▶ **INFORMATION GIVEN**
▶
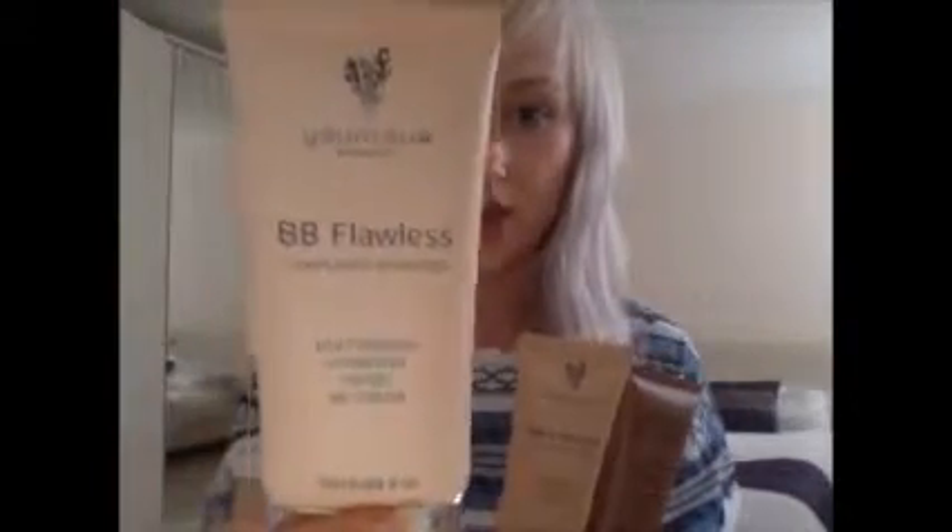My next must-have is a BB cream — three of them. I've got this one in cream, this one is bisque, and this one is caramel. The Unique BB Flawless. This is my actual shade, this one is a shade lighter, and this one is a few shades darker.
◀
▶
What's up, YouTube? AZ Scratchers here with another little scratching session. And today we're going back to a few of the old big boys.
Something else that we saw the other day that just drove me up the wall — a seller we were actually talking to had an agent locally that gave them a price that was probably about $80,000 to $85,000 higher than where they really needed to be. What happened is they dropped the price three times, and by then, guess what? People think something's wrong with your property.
◀
▶ **ASSIGNMENT**
Establish how many lines of the entries hold the word "with", giving nothing but the number.

▶ **TASK ANSWER**
2